Please write out the full listing beneath this line exactly, skipping its images.

═════ Dataset content

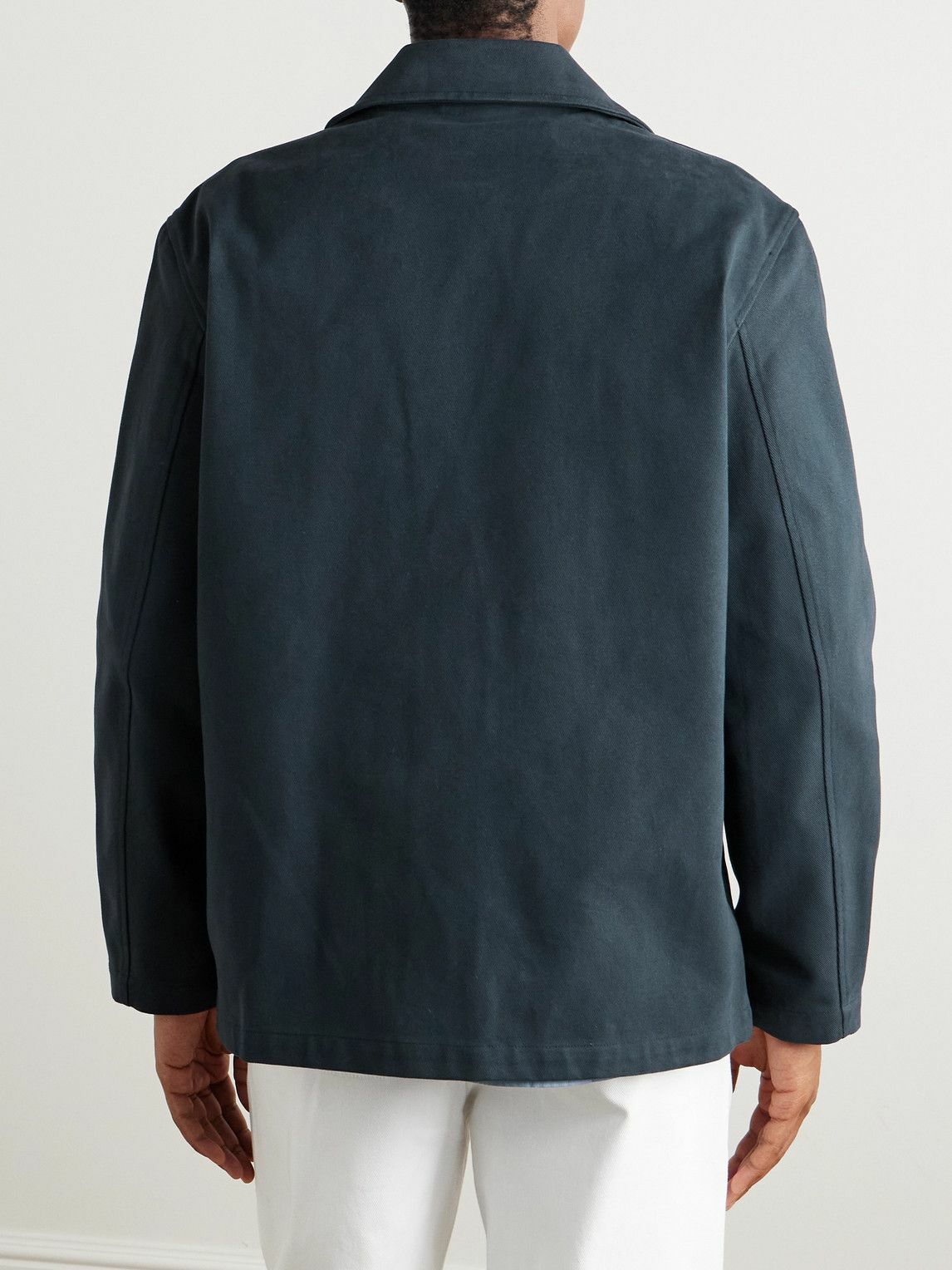 De Bonne Facture - Traveler Cotton-Drill Jacket - Blue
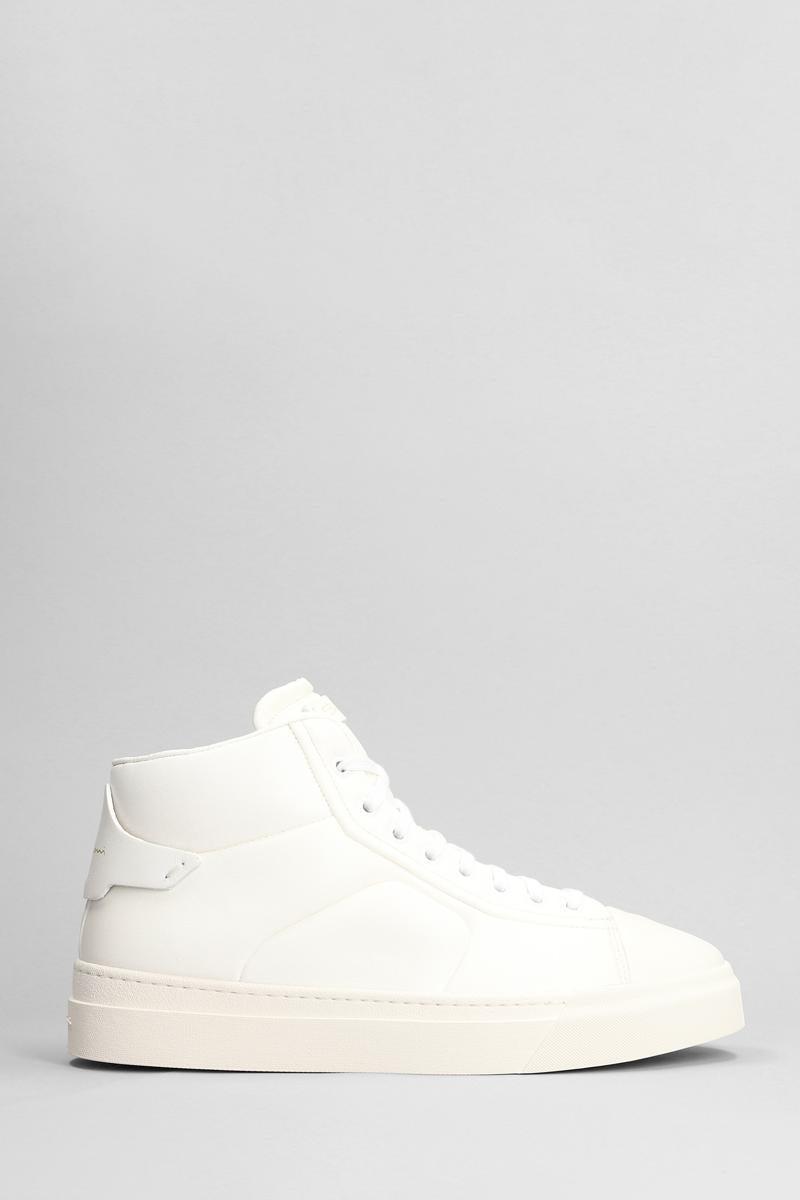 Santoni Glory Sneakers in White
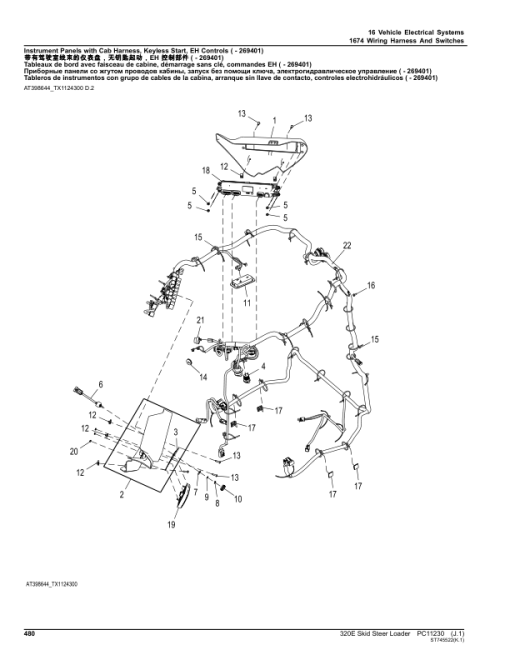 John Deere 320E Skid Steers (SN 1T0320E_ G254913-) Parts Catalog Manual - PC11230 - Image 4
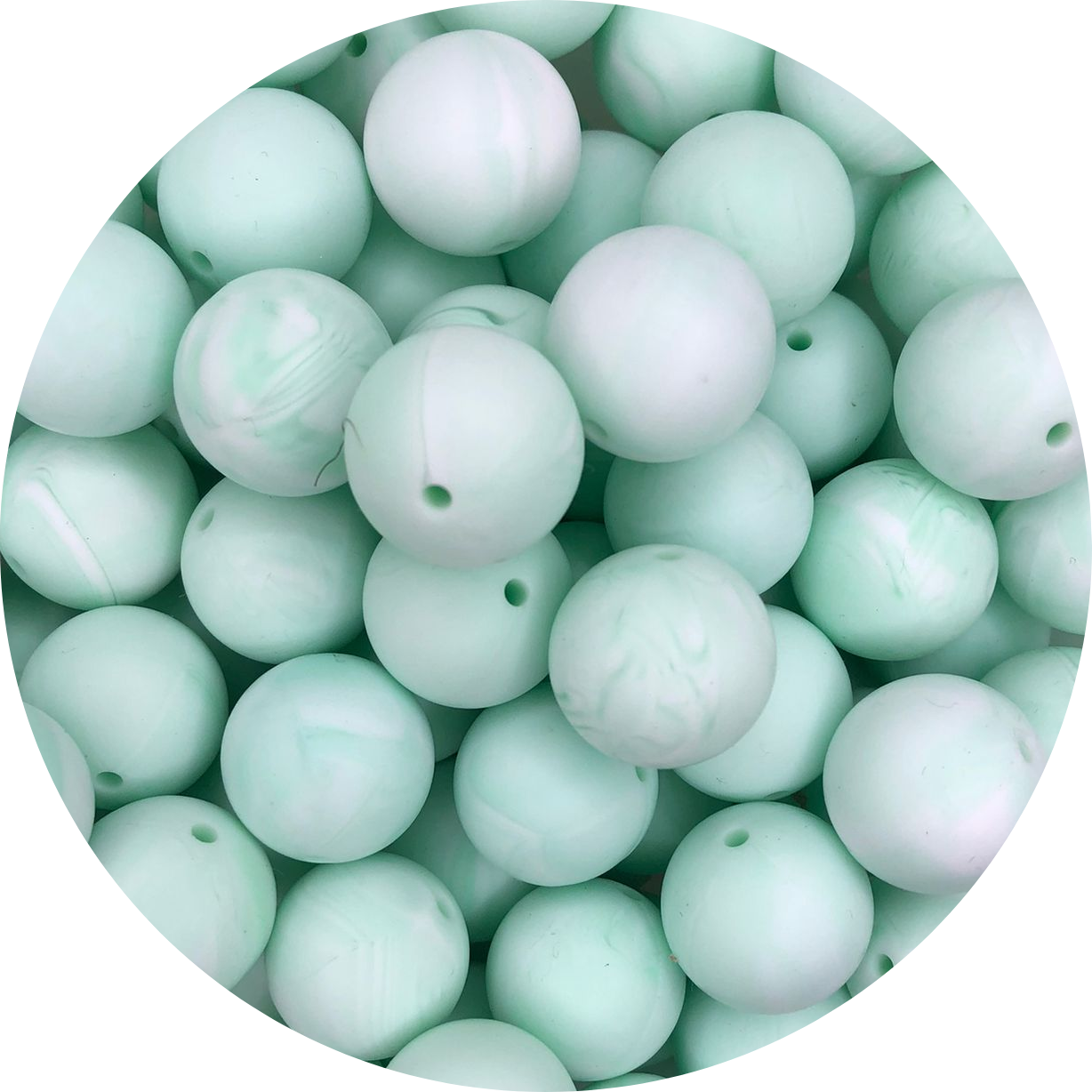 Marble Mint-19mm-round-10pack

══════════

Answer section =
 De Bonne Facture - Traveler Cotton-Drill Jacket - Blue
 Santoni Glory Sneakers in White
 John Deere 320E Skid Steers (SN 1T0320E_ G254913-) Parts Catalog Manual - PC11230 - Image 4
 Marble Mint-19mm-round-10pack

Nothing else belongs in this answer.